*WORK TO BE COMPLETED*.
In the entries below, find the line with "a bedroom with" and the line with "Un saló modern", then retype both and everything between them exactly. Do not copy the pictures.

*GIVEN ENTRIES*.
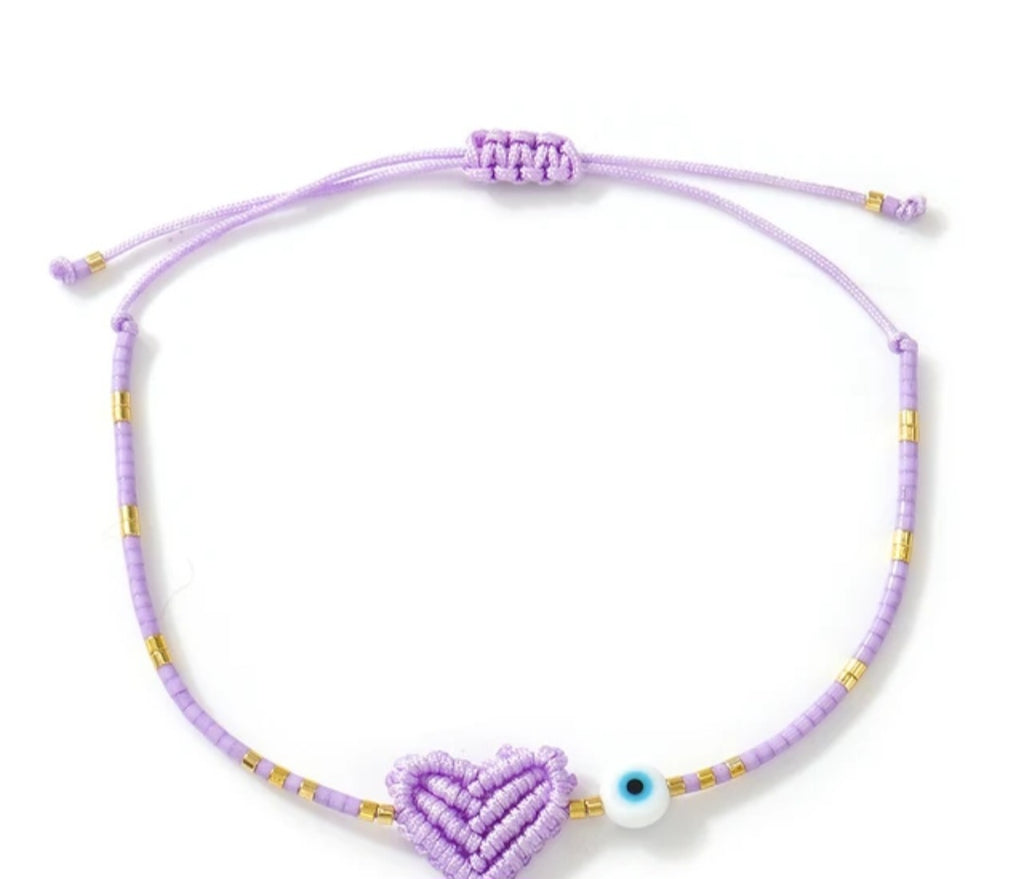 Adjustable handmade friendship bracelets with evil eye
...
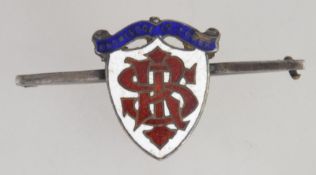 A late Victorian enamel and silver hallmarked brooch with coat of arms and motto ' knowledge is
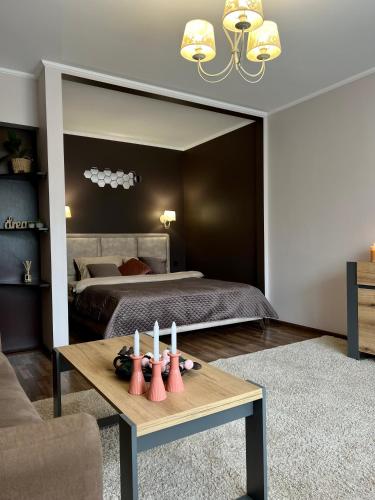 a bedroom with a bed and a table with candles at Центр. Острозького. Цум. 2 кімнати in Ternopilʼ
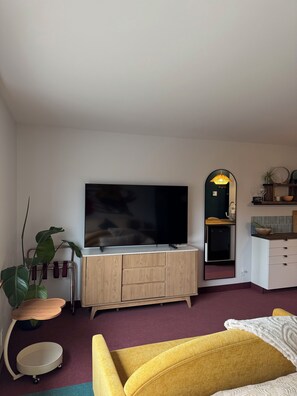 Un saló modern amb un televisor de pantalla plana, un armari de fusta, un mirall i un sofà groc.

*ANSWER*.
 a bedroom with a bed and a table with candles at Центр. Острозького. Цум. 2 кімнати in Ternopilʼ
 Un saló modern amb un televisor de pantalla plana, un armari de fusta, un mirall i un sofà groc.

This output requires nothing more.